数値化できない情報が重視されるサッカーは、他のスポーツと比べてスカウトが難しい競技だと言われています。しかしながら、ステップアップを目指す選手たちにとって「スカウトが何を見ているのか」を明確にすることは非常に重要です。今回は特に高校〜大学カテゴリーにおいて何に注目されているかをご紹介します。
グラフから見る選手の見方
「高校・大学年代の選手を見る時にどこを重視しているか」という調査からスカウトが何を見ているかを紐解いていきます。以下のグラフを参考に、いくつか項目をピックアップして解説いたします。(本記事では、わかりやすさを重視して仲介人・エージェントも含めて“スカウト”と表現します。)
強化方針との合致
特にプロカテゴリーのクラブでは、国内外問わず「今年はどのような選手の獲得を目指す」という明確な方向性が策定されています。この強化方針は、在籍選手のプレータイプ分布や移籍状況・ユース選手の昇格見込み・現監督のクラブ運営戦略など、様々な要因によって決定されます。

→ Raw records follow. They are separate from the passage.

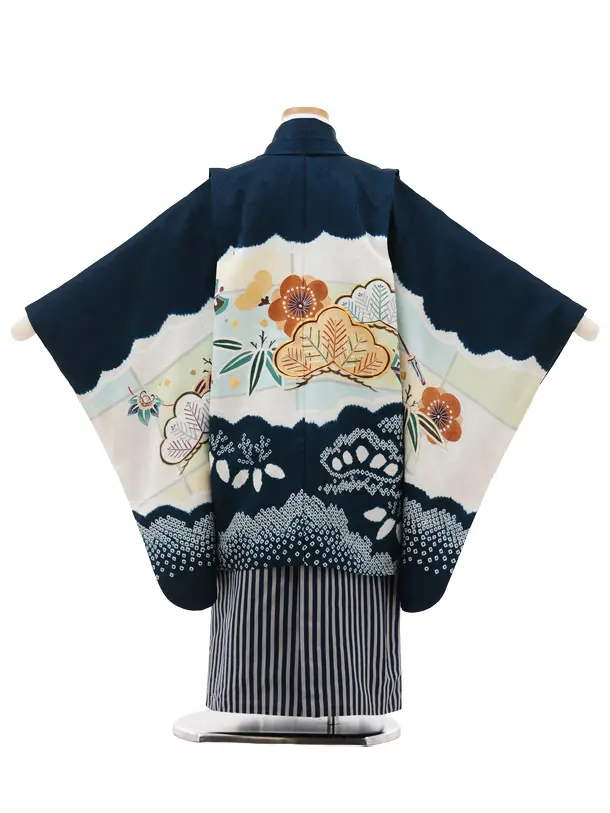 七五三五歳‼️豪華白地鷹軍鶏文洋が施され‼️人気縞袴似合ってる一式セット 七五三五歳‼️豪華白地鷹軍鶏文洋が施され‼️人気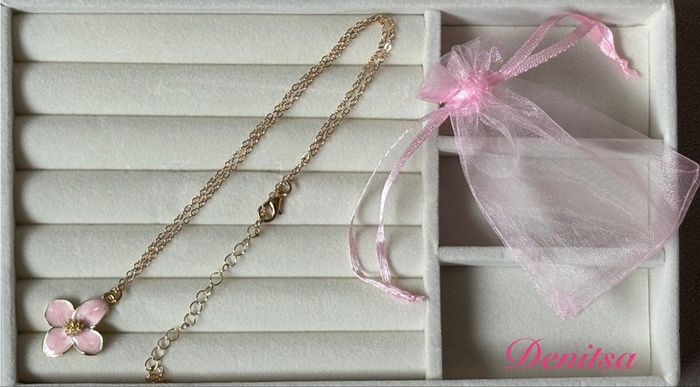 Collier et boucles d’oreilles - photo numéro 3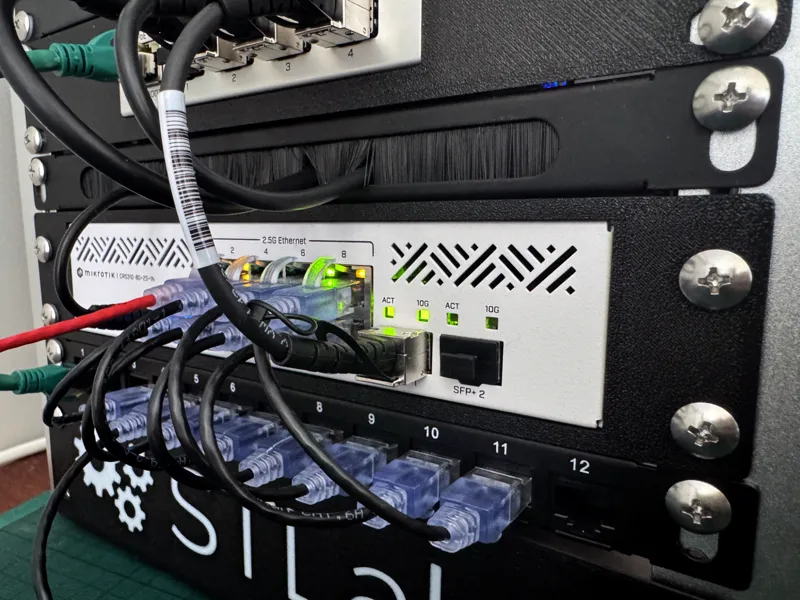CRS310-8G+2S+IN. 10-inch Rack mount 1.2U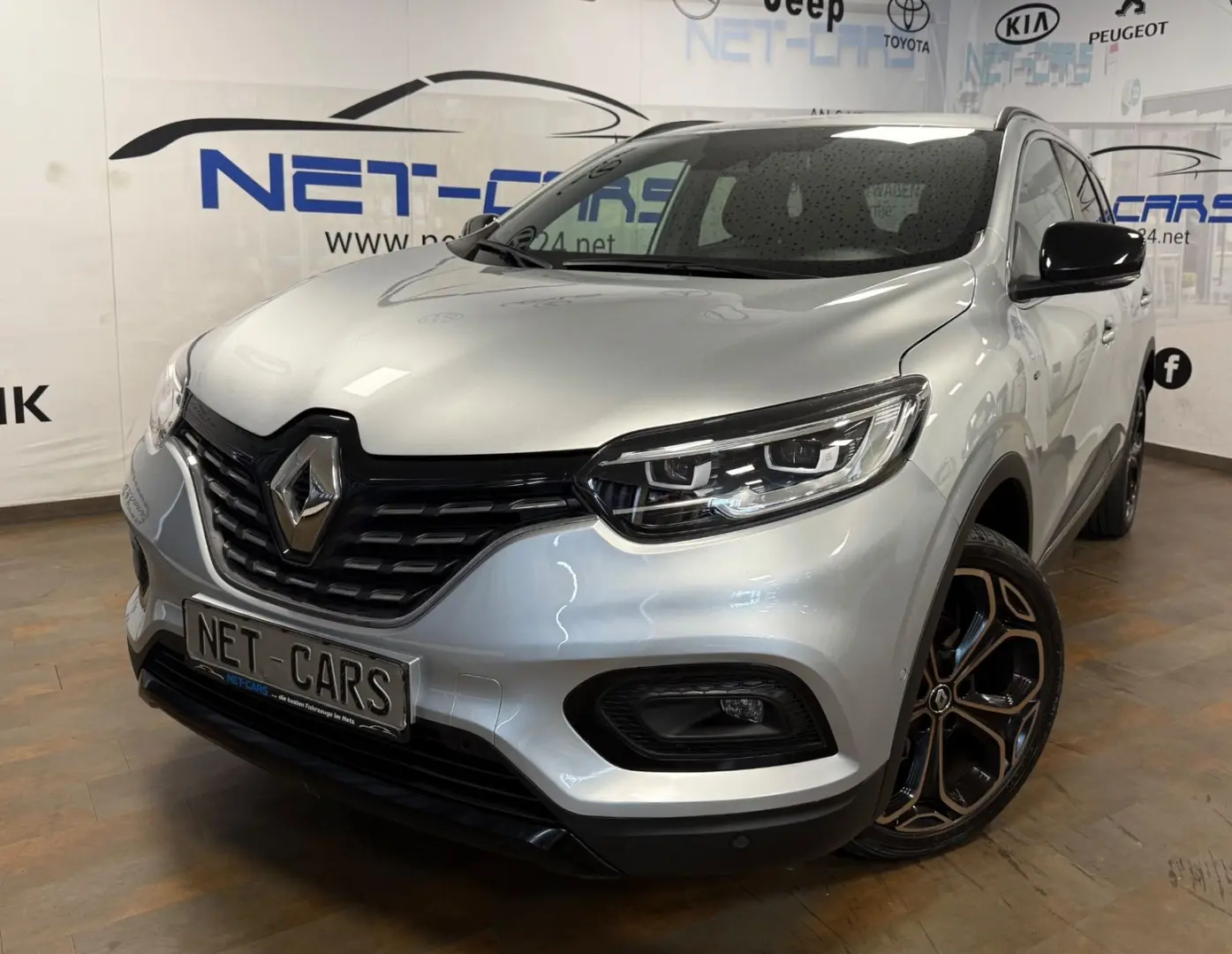 Kadjar TCe 140 EDC Black Edition Leder*NAVi*LED*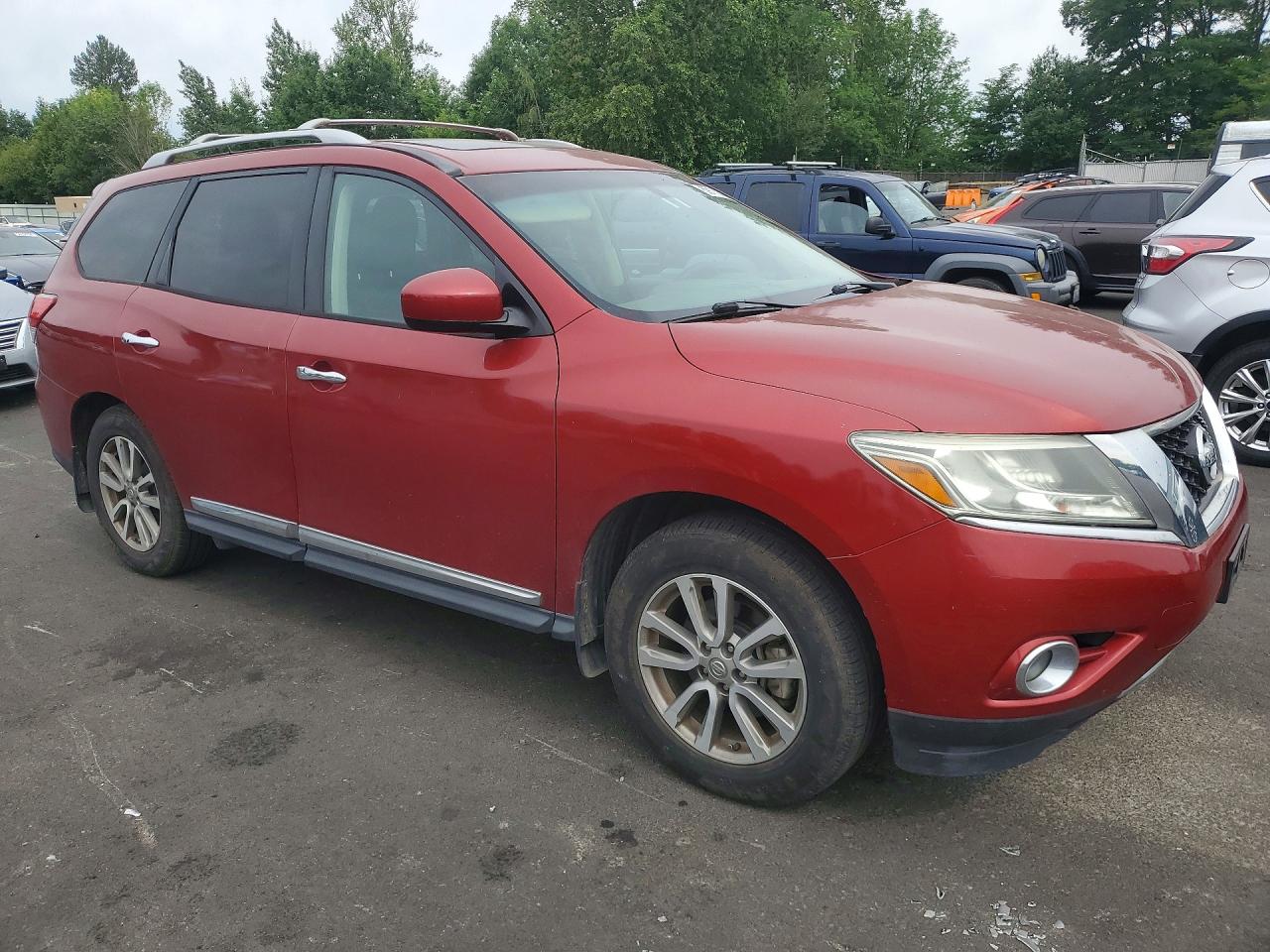 2014 Nissan Pathfinder S Red vin: 5N1AR2MM5EC711388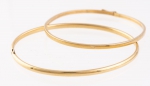 Duas pulseiras escravas em ouro 18k. Diâm.: 6cm. Peso: 7g.
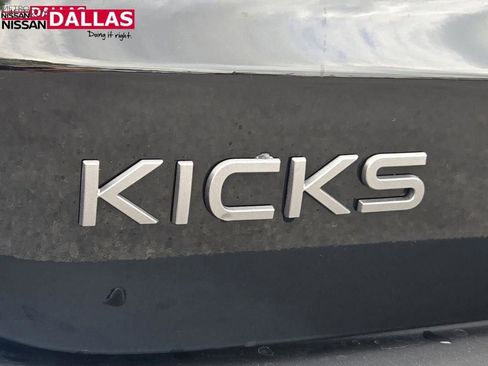 New 2025 Nissan Kicks SR image 11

言い換えれば、「絶対にこのクラブに行きたい」という想いがあっても、その年の強化方針に沿わないステータスの選手であれば、スカウト網に引っ掛かる可能性は低くなるということです。
人間性
「スカウトが見ている人間性とは具体的に何ですか?」と聞くと、明確に回答ができるスカウトは実際はほとんどいません。しかしながら、ほとんどのスカウトが重要なポイントとして人間性を挙げているのも事実。どんな場面から選手の人間性を読み取っているのかを知っておきましょう。
どんな場面から選手の人間性を読み取るの?
- 試合中に逆境になった時の振る舞い
- 思い通りに行かなかった時に反応
- チームメイトとのコミュニケーション
- 練習に対する取り組み
- サッカーに触れる瞬間の目の輝き(心から楽しそうか)
- 性格に関する周囲のコメント
- 面談時・練習参加時の対話
- 学校の成績や評価
第三者評価
スカウトは良い選手を発掘するために、全国に人脈ネットワークを張り巡らせています。各育成クラブの指導者はもちろん、記者・メディア関係者、大会運営団体・連盟、試合をよく観戦しているコアなサッカーファンなど、選手が想像していないような人脈からも情報を収集しようと奔走しているのです。
だからこそ、選手自身はチームの中での評価だけを意識するだけでは足りません。接点のある全ての方々に対して、サッカーに対する熱意を伝え、誠実に対応することが求められます。
他クラブからのオファー状況
スカウトは、他クラブのスカウトとも日々情報交換を行なっています。オファーを出した選手が必ず獲得できるわけでもなく、獲得した選手が活躍できない可能性もある中で、「どのクラブと競合しそうか」「このスカウトが評価した選手なら大丈夫」「将来の移籍を見込んで関係を作っておこう」など、様々な意図のあるやり取りが繰り返されています。
また、スカウトによって選手の評価軸は大きく異なるため、ステップアップを目指すならスカウトを待つだけでなく自ら主体的に情報を発信していくことも重要です。
出身地
とりわけJクラブに関しては、地域密着型のチーム運営を行なっているため、同じレベルの選手なら地元にゆかりのある選手を優先して獲得したい、と考えている場合があります。そのため、「自分が当落戦上にいるな」という感覚がある選手は、地域と自分のつながりを示しておくことも重要です。(住んだことのない地域でも、その地域と何かしら関わったエピソードがあるのであれば伝えておくに越したことはありません!)
今回ご紹介した項目以外にも、スカウトは様々な観点から選手をチェックしています。本気でステップアップをしたいと思っている選手は、ただ日々の練習を頑張るだけでなく、スカウト側の視点を理解した上でやれることに取り組んでいきましょう!